Lorenzo with his flock in Estremadura, on the Valfríos farm.

Even when he was just a boy, he was involved in sheep-farming with his family: grandfather, father and uncles, who had a flock of 400 sheep. Lorenzo recalls that one thing he has his father to thank for was encouragement to leave home, become independent and grow into the man he is today. His father was the first person to help him set himself up, standing guarantor for a ten-million-peseta loan (around 60,000 euro). Lorenzo used this to begin farming in Estremadura with an initial flock of 1,000 sheep.

From then on, he’s been spending winters in Estremadura, moving around between various villages in La Serena, on the Bodegones, Adelfilla, Arroyo La Huerta, Valle del Judío, Las Romeras and Valfríos farms. This last farm is the best of all, with its pasture lands staying green for longer than anywhere else.
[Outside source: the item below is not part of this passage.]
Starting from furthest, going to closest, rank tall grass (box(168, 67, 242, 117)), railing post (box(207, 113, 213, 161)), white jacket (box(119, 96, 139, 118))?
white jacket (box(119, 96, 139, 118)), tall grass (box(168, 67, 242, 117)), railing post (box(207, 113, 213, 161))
In fact, Valfríos is such a chilly place that sheep that are about to lamb have to be taken to other farms so that their new-born offspring will be safer.
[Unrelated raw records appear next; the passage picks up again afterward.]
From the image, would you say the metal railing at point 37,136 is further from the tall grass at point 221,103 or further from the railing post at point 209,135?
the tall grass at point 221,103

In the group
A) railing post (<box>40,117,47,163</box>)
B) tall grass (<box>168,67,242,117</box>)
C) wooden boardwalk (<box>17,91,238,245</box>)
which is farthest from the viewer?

Winter pasture in Estremadura is like a second springtime for Lorenzo’s flock (Extremadura)

His current flock amounts to 4,000 merino sheep of the Las Hidalgas de Don Ángel pedigree. He’s been involved in transhumance for thirteen years. In recent seasons, he’s been using alpine meadows at La Uña in Leon Province from June to November, which is when he heads back to his land in Estremadura, before snow comes to the mountains.
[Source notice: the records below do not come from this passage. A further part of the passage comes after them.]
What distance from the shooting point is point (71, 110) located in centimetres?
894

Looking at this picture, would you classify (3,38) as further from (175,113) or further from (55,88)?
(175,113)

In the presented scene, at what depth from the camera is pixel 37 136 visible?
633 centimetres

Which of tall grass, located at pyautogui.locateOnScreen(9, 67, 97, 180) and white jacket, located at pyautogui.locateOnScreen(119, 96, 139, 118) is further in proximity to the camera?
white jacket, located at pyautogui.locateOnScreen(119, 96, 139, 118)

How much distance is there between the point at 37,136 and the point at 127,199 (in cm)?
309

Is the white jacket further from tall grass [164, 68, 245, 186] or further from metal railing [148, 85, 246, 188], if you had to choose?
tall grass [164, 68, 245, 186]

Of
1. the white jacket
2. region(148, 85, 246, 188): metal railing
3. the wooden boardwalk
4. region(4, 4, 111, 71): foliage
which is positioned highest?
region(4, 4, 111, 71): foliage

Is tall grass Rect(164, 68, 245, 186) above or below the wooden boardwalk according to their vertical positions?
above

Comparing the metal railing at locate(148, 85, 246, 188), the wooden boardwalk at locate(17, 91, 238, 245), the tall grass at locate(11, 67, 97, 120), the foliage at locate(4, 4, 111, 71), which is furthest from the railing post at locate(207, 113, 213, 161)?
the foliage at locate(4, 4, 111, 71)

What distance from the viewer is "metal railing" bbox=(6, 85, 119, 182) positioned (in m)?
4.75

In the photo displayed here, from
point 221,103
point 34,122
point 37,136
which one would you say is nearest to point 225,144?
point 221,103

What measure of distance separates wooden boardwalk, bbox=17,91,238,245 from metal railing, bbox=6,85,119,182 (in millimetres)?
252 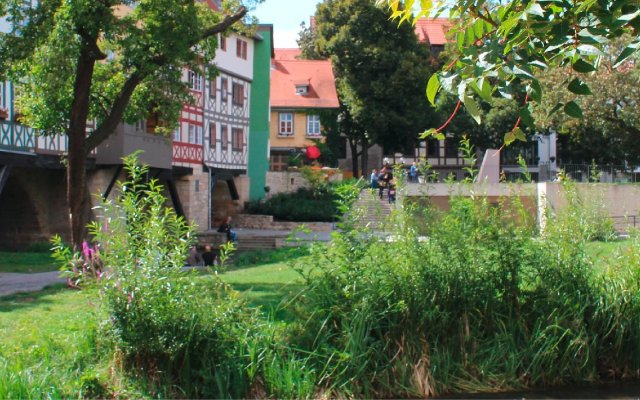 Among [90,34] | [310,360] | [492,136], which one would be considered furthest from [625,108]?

Alpine-like scenery at La Uña in the mountains of Leon, a summer destination

Lorenzo moves his animals around because he believes that merino sheep should graze in the open air and roam about if they are to grow up happy and healthy. He’s particularly proud to hear the comments that static sheep-owners make when he gets back to Estremadura. His animals make them jealous, because the high-quality green pastures that his flock grazes in summer are much better for the sheep than the feeds that have to be used for flocks that are kept in the same place all year round.


Merino sheep involved in transhumance develop better than animals that stay in the same place all year round

All the same, transhumance could be a lot better yet. When at the pass he often feels lonely, because fewer and fewer people are spending the summer up in the hills. He’d enjoy being able to share some time in the mountains with other shepherds. The administration has also still got a lot of work to do. It should simplify paperwork and improve infrastructures like drinking troughs, sheep-tracks and the shepherd’s cabins. (These are stone or wood shelters, called chozos if big, chozas if small, which shepherds use in the mountains or on open fields away from villages). These are a few of the items that need to be sorted out soon.

Back home in Estremadura he alternates the use of his land, as grazing one year and to sow cereals the next. A Spanish proverb says “La oveja detrás de la reja” (Sheep after the ploughshare), suggesting just this kind of alternate use. According to Lorenzo himself, if sheep are kept under the same conditions, one mouthful a sheep eats off pasture land that has recently been under the plough is as good as seven from land that has never been worked.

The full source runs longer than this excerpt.